PCP is also the type of cash cow that Warren Buffett loves to file away in the Berkshire Hathaway portfolio. Last year, Precision Castparts turned $10 billion in revenue into a profit of $1.5 billion — a fairly typical year — despite the deterioration of its oil and gas business. Analysts presently expect earnings of $12.61 per share this year on a 1.6% improvement in the top line, while next year’s anticipated revenue of growth of 5.2% is expected to drive per-share profits to $14.22.
That projected profit of $14.22 per share of PCP translates into a forward price-to-earnings of 16.2, which is a bit frothy by Buffett’s historical standards, but still cost-effective relative to the broad market right now.

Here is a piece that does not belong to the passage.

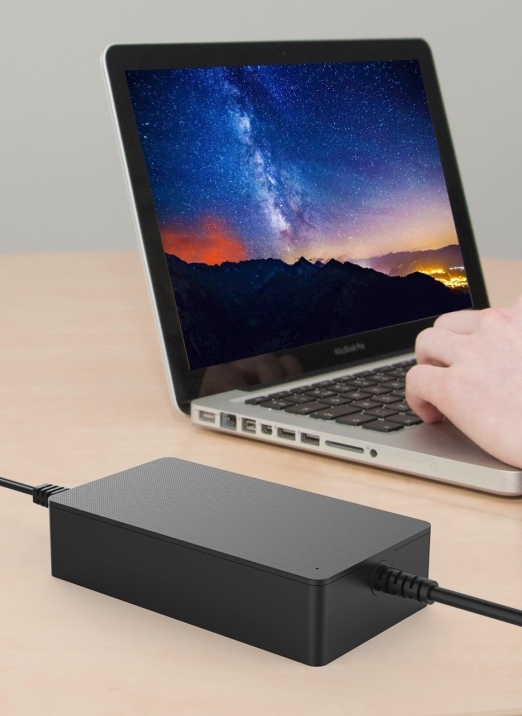 120W Universal Notebook Charger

Bottom Line for Berkshire Shareholders
While the metal parts-maker appears to be a value as well as a reliable cash generator, it’s possible there may be even more to the acquisition of Precision Castparts than Warren Buffett is letting on.
This may actually be part of a sector-specific strategy being deployed after lackluster Q2 results from Berkshire Hathaway, thanks to shrinking earnings from its insurance and energy holdings.
Specifically, Berkshire Hathaway saw year-over-year operating profits fall 10% during the second quarter of 2015, as its Geico unit swung to a loss on surprisingly high claims levels. It’s not tough to believe, as Allstate (ALL) hit a similar wall last quarter.
Meanwhile, aerospace names like Boeing (BA) and Lockheed Martin (LMT) have both been soaring, topping last quarter’s earnings estimates with relative ease.
In that light, the acquisition of Precision Castparts may be as much of a hedge as it is a pure value play.
As of this writing, James Brumley did not hold a position in any of the aforementioned securities.